Activity
In the entries that follow, the line with "Armorfire 63 mm" opens the range and the line with "frakcijų serumas 30ml" closes it; repeat that range exactly, both lines included.

Data supplied
□ □ □
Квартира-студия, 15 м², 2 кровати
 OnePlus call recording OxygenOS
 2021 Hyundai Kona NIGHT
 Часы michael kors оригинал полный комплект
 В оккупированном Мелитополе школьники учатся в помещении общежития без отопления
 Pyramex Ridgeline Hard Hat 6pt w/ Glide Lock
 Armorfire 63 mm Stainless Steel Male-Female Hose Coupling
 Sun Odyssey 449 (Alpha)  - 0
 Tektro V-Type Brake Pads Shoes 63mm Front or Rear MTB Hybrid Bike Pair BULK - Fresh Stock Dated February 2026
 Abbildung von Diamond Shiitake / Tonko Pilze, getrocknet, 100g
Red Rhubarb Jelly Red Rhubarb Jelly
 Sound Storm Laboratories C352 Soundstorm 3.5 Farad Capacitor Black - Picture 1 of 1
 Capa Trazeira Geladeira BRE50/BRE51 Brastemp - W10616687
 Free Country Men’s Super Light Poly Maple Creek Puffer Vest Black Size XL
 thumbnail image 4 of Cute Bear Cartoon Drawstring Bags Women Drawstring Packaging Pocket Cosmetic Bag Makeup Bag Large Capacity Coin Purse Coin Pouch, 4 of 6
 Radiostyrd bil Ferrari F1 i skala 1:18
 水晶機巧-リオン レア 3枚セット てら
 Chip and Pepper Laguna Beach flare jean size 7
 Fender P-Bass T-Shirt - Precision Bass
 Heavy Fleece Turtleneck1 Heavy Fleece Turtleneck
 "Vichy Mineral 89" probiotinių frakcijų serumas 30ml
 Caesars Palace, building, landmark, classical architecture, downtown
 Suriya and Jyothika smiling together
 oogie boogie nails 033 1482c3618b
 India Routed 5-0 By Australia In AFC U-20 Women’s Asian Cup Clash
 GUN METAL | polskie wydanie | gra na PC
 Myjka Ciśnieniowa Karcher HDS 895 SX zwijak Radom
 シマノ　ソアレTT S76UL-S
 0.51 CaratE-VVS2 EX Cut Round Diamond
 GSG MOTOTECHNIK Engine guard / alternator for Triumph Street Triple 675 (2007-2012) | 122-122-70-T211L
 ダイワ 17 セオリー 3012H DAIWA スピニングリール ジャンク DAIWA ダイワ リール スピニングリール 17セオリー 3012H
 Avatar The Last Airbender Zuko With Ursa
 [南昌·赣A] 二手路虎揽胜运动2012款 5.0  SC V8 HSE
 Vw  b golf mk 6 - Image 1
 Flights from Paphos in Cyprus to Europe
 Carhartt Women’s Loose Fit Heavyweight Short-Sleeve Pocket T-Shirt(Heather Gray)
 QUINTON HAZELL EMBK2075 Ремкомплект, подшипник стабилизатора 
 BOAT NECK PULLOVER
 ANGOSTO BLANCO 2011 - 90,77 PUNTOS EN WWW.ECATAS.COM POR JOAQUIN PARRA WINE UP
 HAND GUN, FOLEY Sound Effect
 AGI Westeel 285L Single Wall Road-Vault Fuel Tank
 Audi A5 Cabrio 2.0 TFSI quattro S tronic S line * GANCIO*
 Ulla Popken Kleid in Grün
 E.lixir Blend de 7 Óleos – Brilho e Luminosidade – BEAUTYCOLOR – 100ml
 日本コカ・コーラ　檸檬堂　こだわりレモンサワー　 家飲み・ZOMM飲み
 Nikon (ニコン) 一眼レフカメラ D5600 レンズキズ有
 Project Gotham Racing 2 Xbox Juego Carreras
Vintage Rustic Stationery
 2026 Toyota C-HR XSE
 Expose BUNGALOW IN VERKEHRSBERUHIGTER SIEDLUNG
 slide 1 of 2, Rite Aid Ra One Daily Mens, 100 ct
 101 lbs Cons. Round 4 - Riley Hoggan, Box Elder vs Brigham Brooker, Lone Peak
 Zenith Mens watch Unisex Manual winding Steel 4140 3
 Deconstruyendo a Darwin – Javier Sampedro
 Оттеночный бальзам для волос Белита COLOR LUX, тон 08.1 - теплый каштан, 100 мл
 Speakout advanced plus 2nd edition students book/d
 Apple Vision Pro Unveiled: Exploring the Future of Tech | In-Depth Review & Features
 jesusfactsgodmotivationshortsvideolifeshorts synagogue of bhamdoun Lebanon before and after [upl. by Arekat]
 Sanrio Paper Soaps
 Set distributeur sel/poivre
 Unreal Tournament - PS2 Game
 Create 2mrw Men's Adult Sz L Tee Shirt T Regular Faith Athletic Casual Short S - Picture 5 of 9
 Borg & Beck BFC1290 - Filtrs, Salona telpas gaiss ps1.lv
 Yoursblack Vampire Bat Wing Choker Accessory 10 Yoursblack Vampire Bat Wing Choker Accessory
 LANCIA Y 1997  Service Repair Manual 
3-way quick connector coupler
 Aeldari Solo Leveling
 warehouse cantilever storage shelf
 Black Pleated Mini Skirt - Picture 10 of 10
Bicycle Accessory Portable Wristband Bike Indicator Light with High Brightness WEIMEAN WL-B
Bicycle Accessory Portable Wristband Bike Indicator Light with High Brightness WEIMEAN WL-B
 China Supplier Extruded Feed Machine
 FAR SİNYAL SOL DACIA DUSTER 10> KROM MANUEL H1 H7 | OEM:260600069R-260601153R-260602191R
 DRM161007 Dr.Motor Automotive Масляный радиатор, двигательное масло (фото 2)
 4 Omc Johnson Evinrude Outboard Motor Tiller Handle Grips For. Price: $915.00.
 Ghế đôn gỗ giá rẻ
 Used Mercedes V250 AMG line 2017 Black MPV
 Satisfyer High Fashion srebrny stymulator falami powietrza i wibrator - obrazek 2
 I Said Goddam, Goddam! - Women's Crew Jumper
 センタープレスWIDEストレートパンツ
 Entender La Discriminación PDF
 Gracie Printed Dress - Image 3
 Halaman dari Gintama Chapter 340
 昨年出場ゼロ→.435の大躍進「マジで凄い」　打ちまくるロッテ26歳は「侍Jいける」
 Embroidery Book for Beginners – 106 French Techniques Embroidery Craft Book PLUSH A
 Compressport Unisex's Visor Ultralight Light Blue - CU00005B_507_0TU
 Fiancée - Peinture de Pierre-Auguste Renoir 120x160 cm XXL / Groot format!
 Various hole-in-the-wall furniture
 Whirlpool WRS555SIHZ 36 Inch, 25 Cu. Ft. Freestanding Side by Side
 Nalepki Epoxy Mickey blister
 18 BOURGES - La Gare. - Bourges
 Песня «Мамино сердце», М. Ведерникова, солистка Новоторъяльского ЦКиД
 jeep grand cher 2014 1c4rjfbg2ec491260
□ □ □
Solved problem
 Armorfire 63 mm Stainless Steel Male-Female Hose Coupling
 Sun Odyssey 449 (Alpha)  - 0
 Tektro V-Type Brake Pads Shoes 63mm Front or Rear MTB Hybrid Bike Pair BULK - Fresh Stock Dated February 2026
 Abbildung von Diamond Shiitake / Tonko Pilze, getrocknet, 100g
Red Rhubarb Jelly Red Rhubarb Jelly
 Sound Storm Laboratories C352 Soundstorm 3.5 Farad Capacitor Black - Picture 1 of 1
 Capa Trazeira Geladeira BRE50/BRE51 Brastemp - W10616687
 Free Country Men’s Super Light Poly Maple Creek Puffer Vest Black Size XL
 thumbnail image 4 of Cute Bear Cartoon Drawstring Bags Women Drawstring Packaging Pocket Cosmetic Bag Makeup Bag Large Capacity Coin Purse Coin Pouch, 4 of 6
 Radiostyrd bil Ferrari F1 i skala 1:18
 水晶機巧-リオン レア 3枚セット てら
 Chip and Pepper Laguna Beach flare jean size 7
 Fender P-Bass T-Shirt - Precision Bass
 Heavy Fleece Turtleneck1 Heavy Fleece Turtleneck
 "Vichy Mineral 89" probiotinių frakcijų serumas 30ml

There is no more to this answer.